Als die Literaturgeneration, die heute zwischen sechzig und siebzig steht, so alt war wie ich in der Zeit des Flüggewerdens meines Pegasus, muß sie das Bedürfnis nach einem örtlichen Zusammenrücken ihrer Berliner Kampffront gegen die den Markt beherrschenden Eklektiker um Geibel und Heyse heftig empfunden haben. Ein Carl August, der ihnen etwa in Potsdam ein Weimar etabliert hätte, war Unter den Linden nicht ansässig. So bewiesen die Brüderpaare Hauptmann und Hart und die Brüderpaare in Apoll Holz und Schlaf, Bölsche und Wille, Strindberg und Przybyszewski und wie die Literaturrevolutionäre des Jüngsten Deutschlands alle hießen, daß es keines fürstlichen Maecenas und keines Hofstaates bedarf, um Genie zu Genie, Kämpfer zu Kämpfer in friedlichem Wettstreit zu gesellen. Am Müggelsee, in Friedrichshagen, wurde die Fahne aufgepflanzt. Ein Teil der jungen Stürmer siedelte sich dort an, die anderen kamen als regelmäßige Gäste, zum Diskutieren, zum Revolutionieren, zum Aufbauen und Schaffen neuer geistiger und sozialer Werte. Die Erinnerung an diese Zeit ist von anderen festgehalten worden. Als ich, 1902, nach Friedrichshagen zog, war sie noch springlebendig, doch aber schon nur als Erinnerung.

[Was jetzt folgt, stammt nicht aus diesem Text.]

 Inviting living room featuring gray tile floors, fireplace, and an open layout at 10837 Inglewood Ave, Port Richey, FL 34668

Jene Tage des jungen Naturalismus hatten in Friedrichshagen die revolutionär-literarischen und die revolutionär-politischen Tendenzen der Zeit einander bis zum Verschmelzen nahegebracht. Die Brüder Bernhard und Paul Kampffmeyer repräsentierten in dem Freundeskreis das aktive Element der radikal-sozialistischen Bewegung, die Dichter Karl Henckell und John Henry Mackay erweckten mit ihren Gedichtbüchern Trutznachtigall, Sturm usw. die revolutionäre Tendenzlyrik in Deutschland, Bruno Wille stand dichtend, philosophierend und politisch agitierend in beiden Lagern, und diese Mischung von Verträumtheit und Draufgängerei, die von damals her dem Namen Friedrichshagen seinen Programmcharakter gab, lag noch über den Müggelbergen meiner Spaziergänge.

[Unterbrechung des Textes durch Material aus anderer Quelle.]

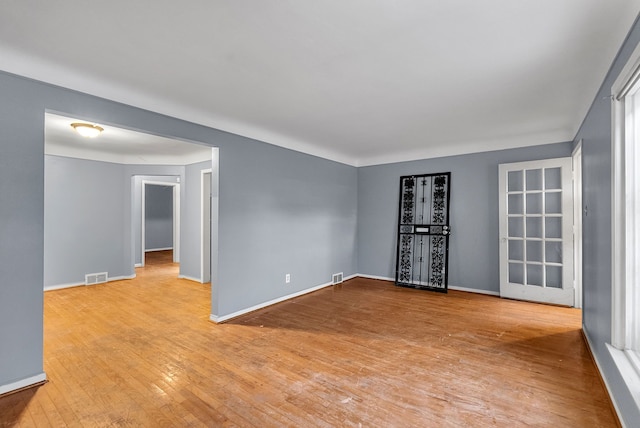 unfurnished room with visible vents, baseboards, and hardwood / wood-style flooring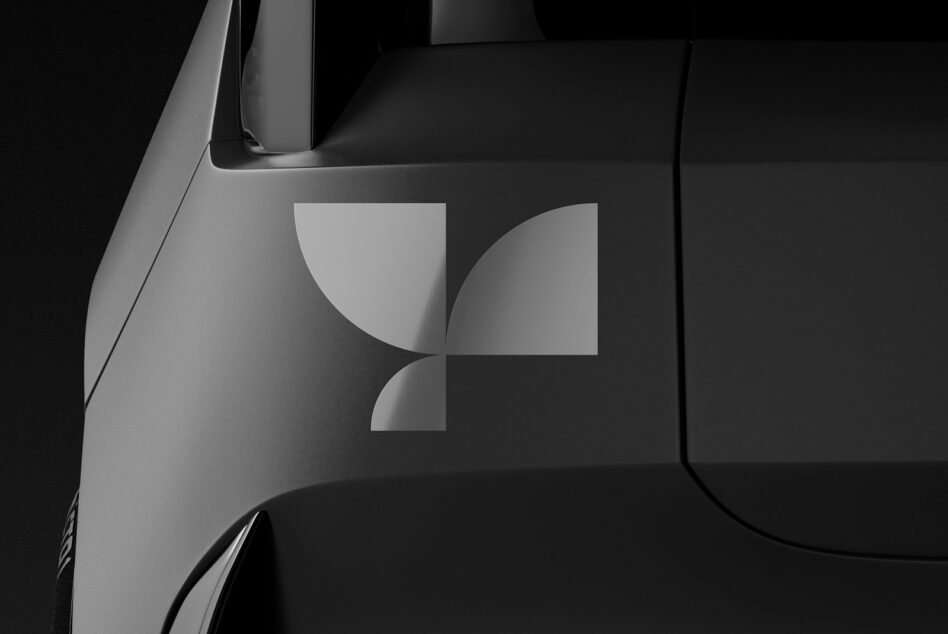Minimalist vehicle mockup featuring a sleek geometric logo on a dark surface, ideal for branding and design presentations.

Ich kam nach Friedrichshagen als Mitbegründer, Mitarbeiter und verantwortlicher Redakteur der Wochenschrift Der arme Teufel, als dessen Herausgeber Albert Weidner zeichnete. Weidner war von Hause aus Setzer, die Zeitschrift wurde dadurch materialisiert, daß er sich auf Abzahlung den erforderlichen Schriftsatz kaufte; seine Artikel flossen stets ohne Manuskript aus dem Kopf in den Setzkasten, währenddem ich dabeisaß und mir bei einer Tasse Kaffee und einer Zigarre das aktuell-satirische Gedicht abquälte, das unter dem Pseudonym »Nolo« jede Nummer beleben mußte, oder technische Redaktionsarbeiten erledigte. Doch gehören die Erinnerungen, die unmittelbar mit dem Armen Teufel verbunden sind, nicht in den Zusammenhang dieser unpolitischen Rückschau. Um so mehr gehört das übrige Erleben meines Friedrichshagener Jahres hinein.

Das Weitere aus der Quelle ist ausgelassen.